Vous avez dit « transclasse » ?
Le journal le « Télégramme de Brest » de ce 22 juillet publie une interview de Brigitte Ayrault, à l’occasion de la publication du livre dans lequel elle raconte son parcours qualifié par le journaliste qui l’interroge de « transclasse ».
Il est en effet de bon ton, aujourd’hui, d’être trans-quelque chose, et quand il ne s’agit pas de sexualité, le passage d’une classe sociale à une autre est très tendance. Édouard Louis s’est forgé une solide réputation en jouant cette partition, reprise avec une grande complaisance par les critiques littéraires qui s’intéressaient en l’occurrence beaucoup moins à la littérature qu’à son parcours social qualifié lui aussi de « transclasse ». Ce faisant ils lui ont permis d’augmenter considérablement ses revenus et peut-être de changer effectivement de classe.
Revenons à Madame Ayrault, fille de paysans devenue professeure de français et militante socialiste, puis femme d’un autre militant socialiste un jour nommé Premier ministre, puis ministre des affaires étrangères.
On suppose que le changement de classe de Mme Ayrault ne s’est pas opéré lors du passage de la situation de filles d’agriculteurs à celle de professeure de français. C’est là un parcours extrêmement classique depuis des décennies qui a accompagné la réduction drastique du nombre de paysans français et l’exode rural. Je ne sache pas non plus que les enseignants constituent en eux-mêmes une classe ou puissent être considérés comme des membres de la classe bourgeoise alors que leur salaire, pour la majorité d’entre eux est proche du salaire médian des Français et de la considération sociale qui leur est accordée n’est pas supérieure à leurs revenus.

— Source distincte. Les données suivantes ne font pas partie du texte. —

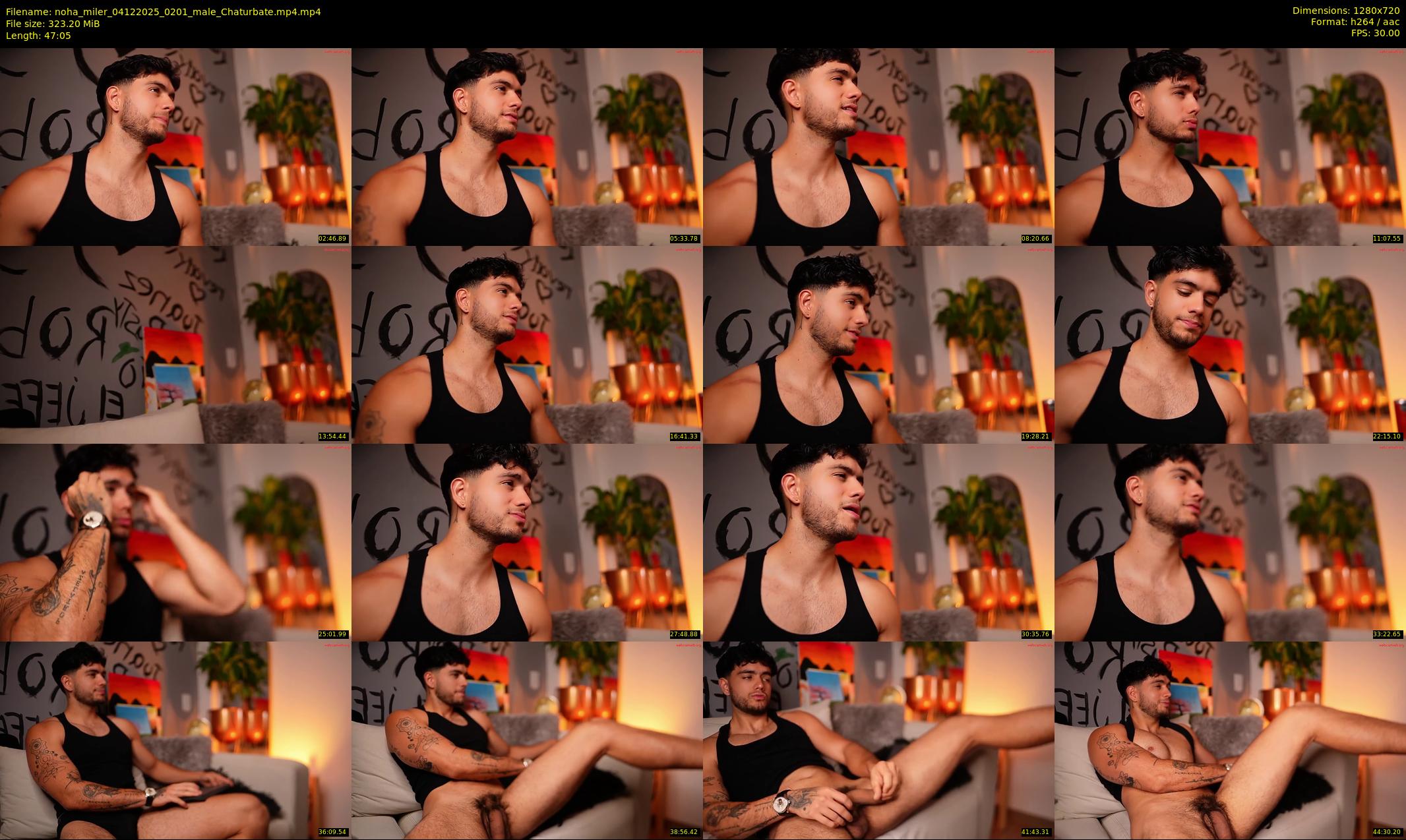 noha_miler — 48 minute Chaturbate male cam show recording, 720p, Dec 4, 2025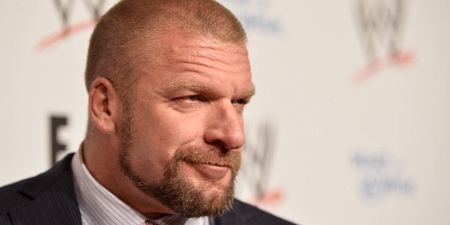 Pic: WWE’s Triple H plans to eat this mountain of food over 3 days
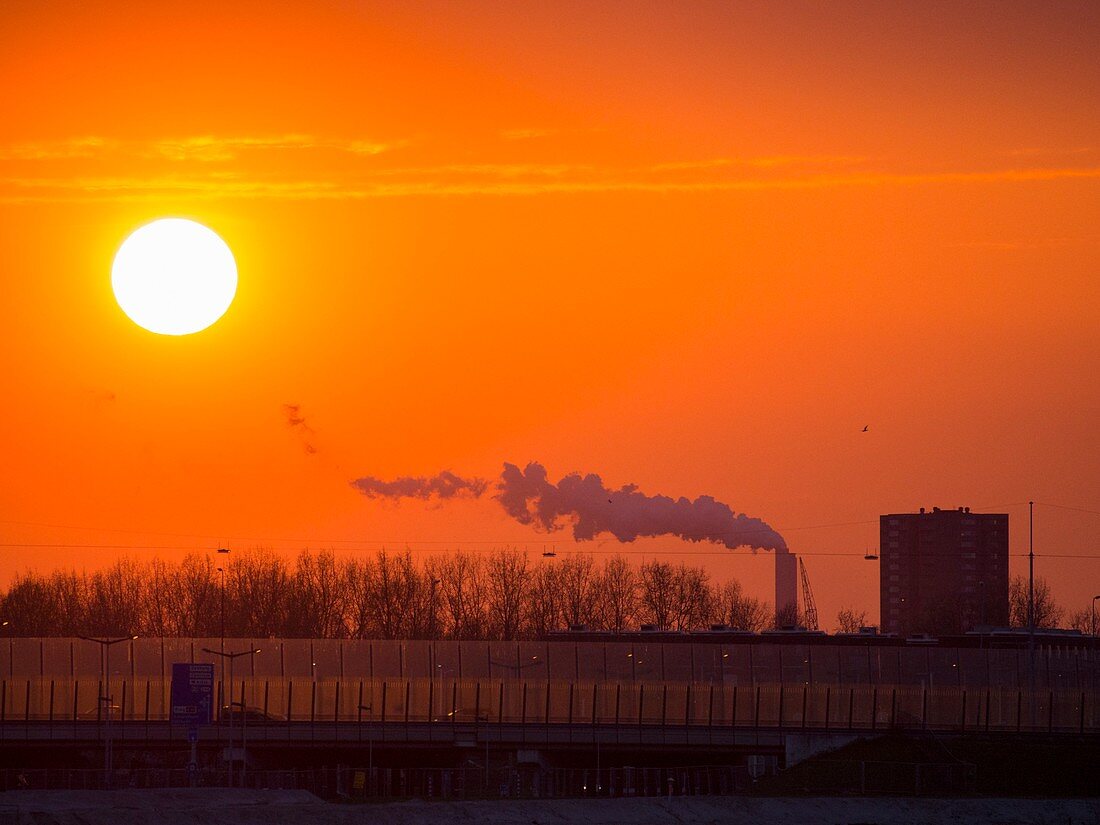 Coal fired power station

Le changement de classe intervient donc après, lorsque Mme Ayrault est appelée à fréquenter avec son mari les allées du pouvoir. Le malaise dû à ce changement de situation dont fait état Madame Ayrault a dès lors deux aspects. Le premier est la sensation de décalage entre ses habitudes, les codes auxquels elle est habituée et ceux du monde qu’elle fréquente. Rien là d’extraordinaire. Mais le second visage de cette transformation est le souci de ressembler à ce nouveau monde plutôt que de le transformer.
Il est toujours difficile de ressembler à ce que l’on n’est pas.
Mais pourquoi faudrait-il ressembler à ce monde qu’elle décrit comme « parisianiste » pour ne pas employer le mot bourgeois qui passe aujourd’hui pour une grossièreté ? Qu’est-ce qui oblige un dirigeant socialiste arrivé au pouvoir à se conduire comme le dirigeant de droite qui le précédait ?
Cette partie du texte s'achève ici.